**DIRECTIONS FOR THIS TASK:**
Exactly reproduce the lines from the one holding "Table Vase Sunlit" through the end of the records, including both boundary lines but no pictures.

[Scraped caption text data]
--- START ---

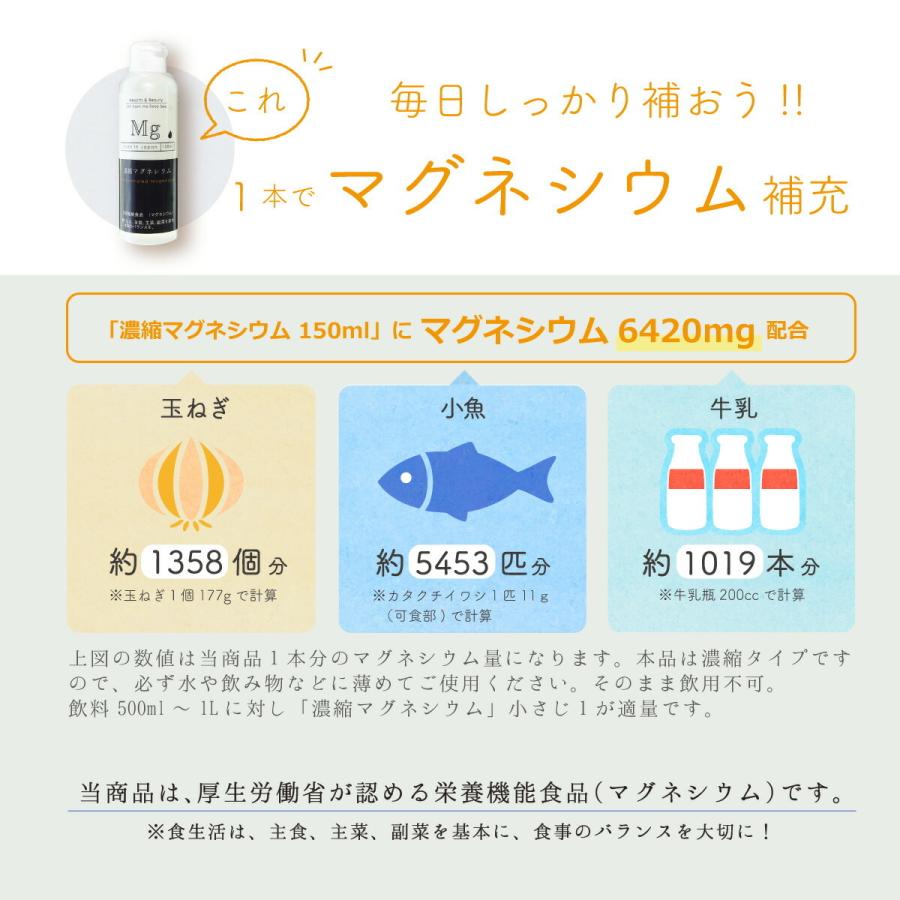 マグネシウム 濃縮マグネシウム 150ml 40本 赤穂化成 栄養機能食品 超高濃度マグネシウム 無添加 送料無料 液体 濃縮液 高濃度 国産 室戸海洋深層水100％ サプリ_6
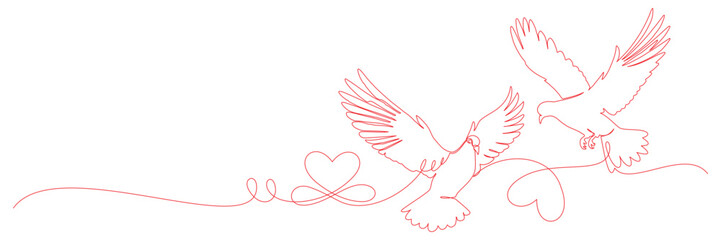 dove as a symbol of love and affection with vector line art style 2.eps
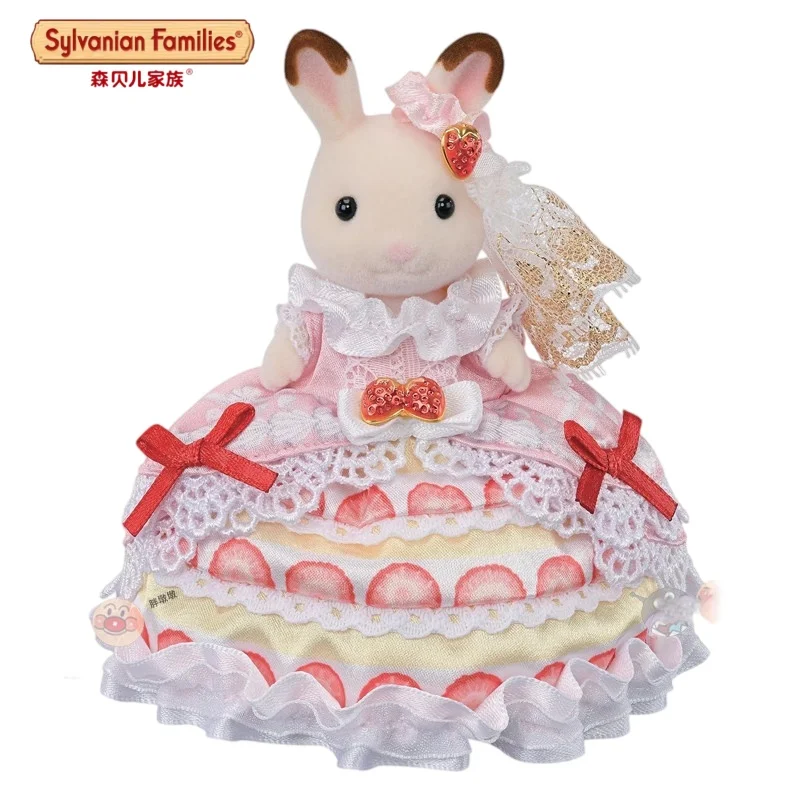 sylvanian-families-40°-anniversario-edizione-limitata-coniglietto-di-peluche-al-cioccolato-con-torta-alla-fragola-e-vestito-in-pizzo-figura-da-collezione-per-scrivania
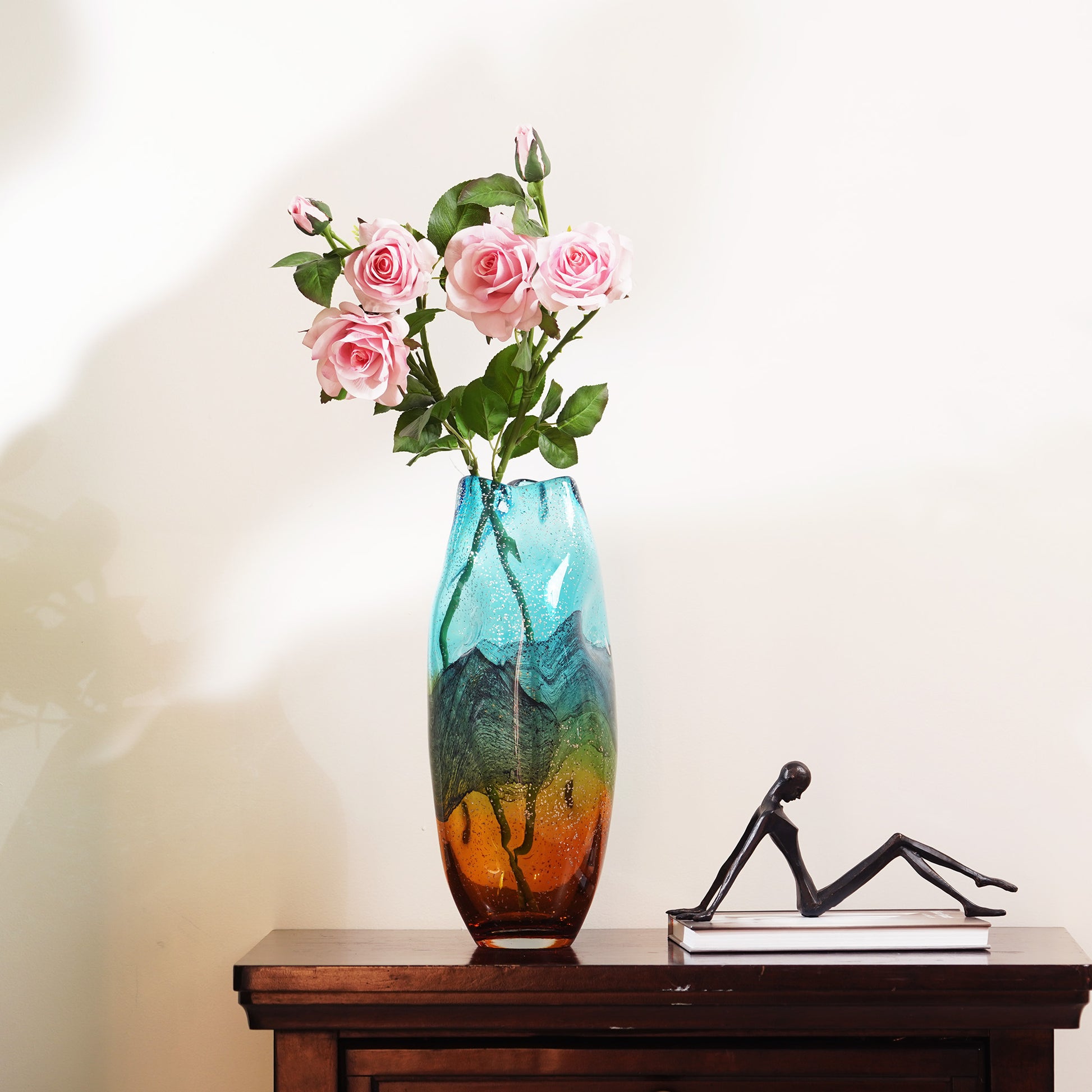 Table Vase Sunlit Meadow - Yellow & Green Glass Table Vase - Style 3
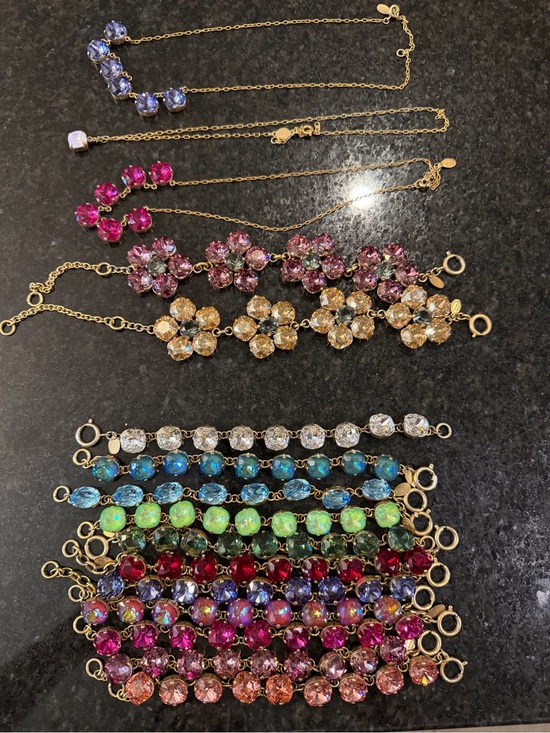 Catherine Popesco Jewelry - Gold-Tone Multicolor Crystal Bracelet - Pink, Blue, Green, Red, Purple Options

--- END ---

**YOUR RESPONSE:**
 Table Vase Sunlit Meadow - Yellow & Green Glass Table Vase - Style 3
 Catherine Popesco Jewelry - Gold-Tone Multicolor Crystal Bracelet - Pink, Blue, Green, Red, Purple Options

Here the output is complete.